§ **RAW DATA**
^^^^^^^^

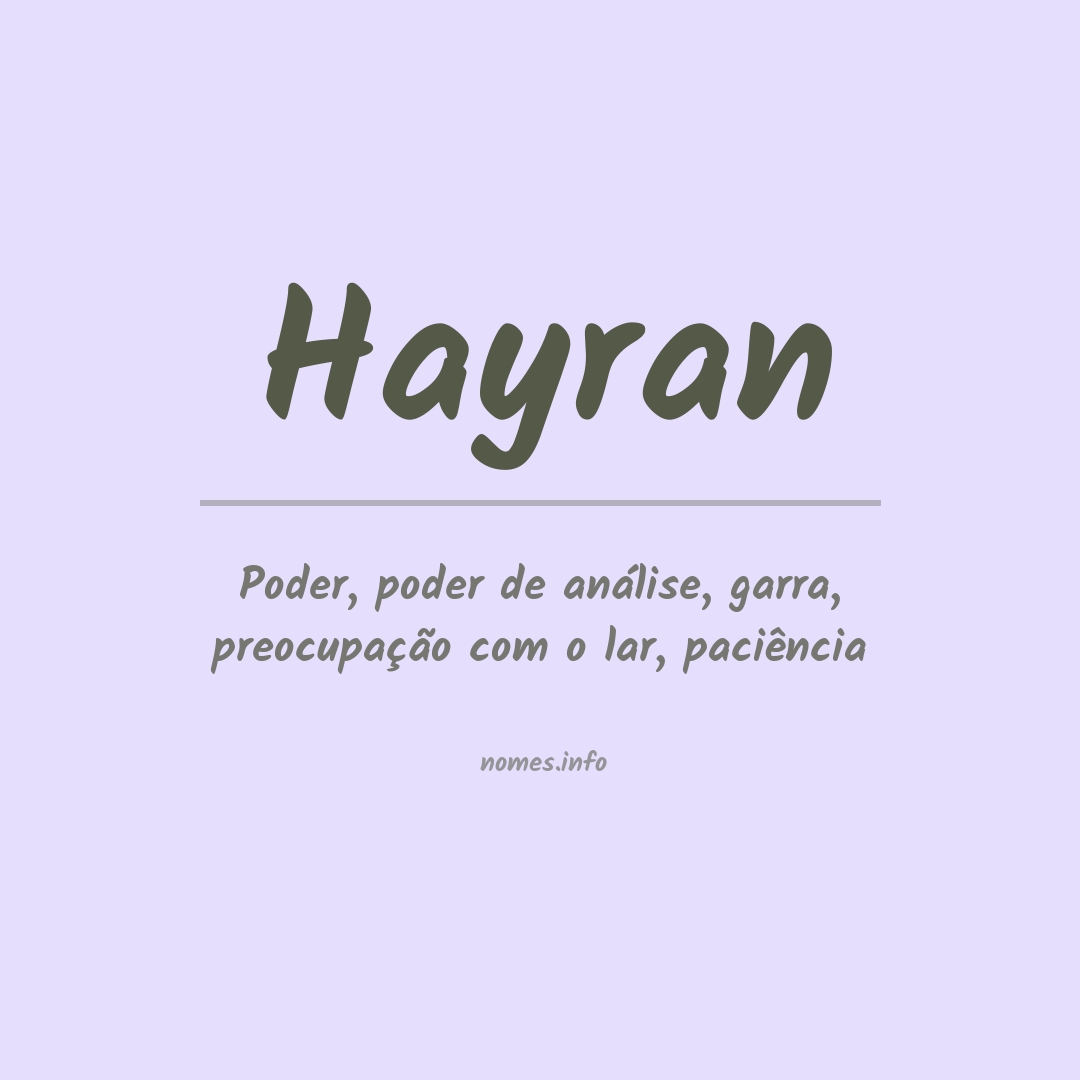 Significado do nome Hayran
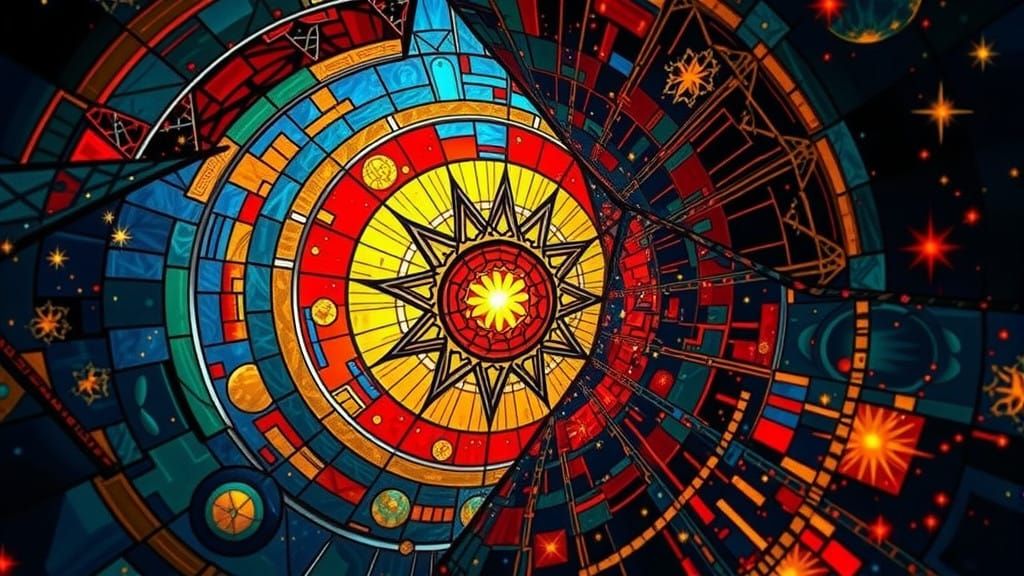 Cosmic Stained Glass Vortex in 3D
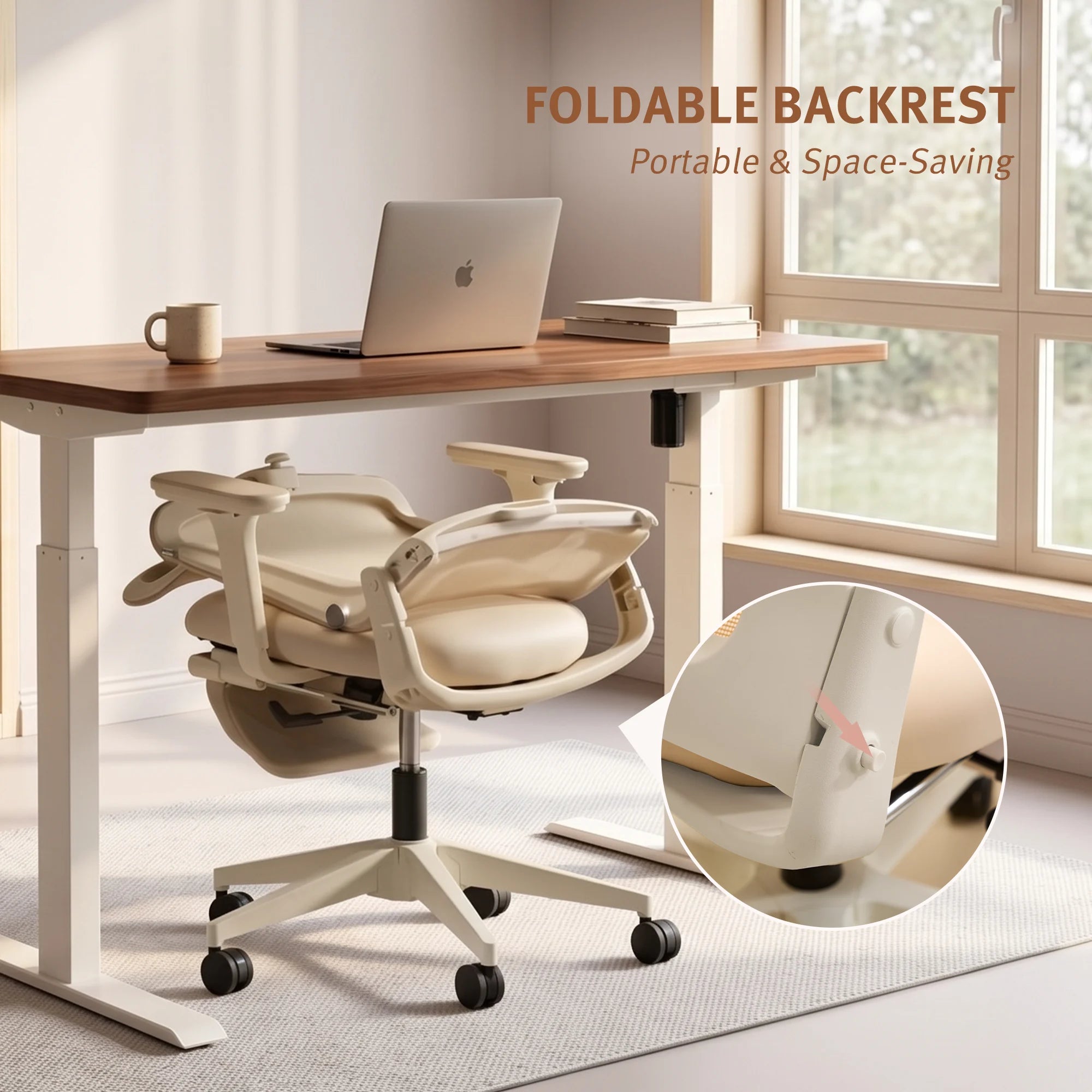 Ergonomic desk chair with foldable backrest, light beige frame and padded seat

^^^^^^^^

§ **EXERCISE GOAL**
Only the lines from the one containing "Cosmic Stained Glass Vortex in 3D" through the last line of the data above, both included, belong in the reply, each restated exactly and without pictures.

§ **TASK RESULT**
 Cosmic Stained Glass Vortex in 3D
 Ergonomic desk chair with foldable backrest, light beige frame and padded seat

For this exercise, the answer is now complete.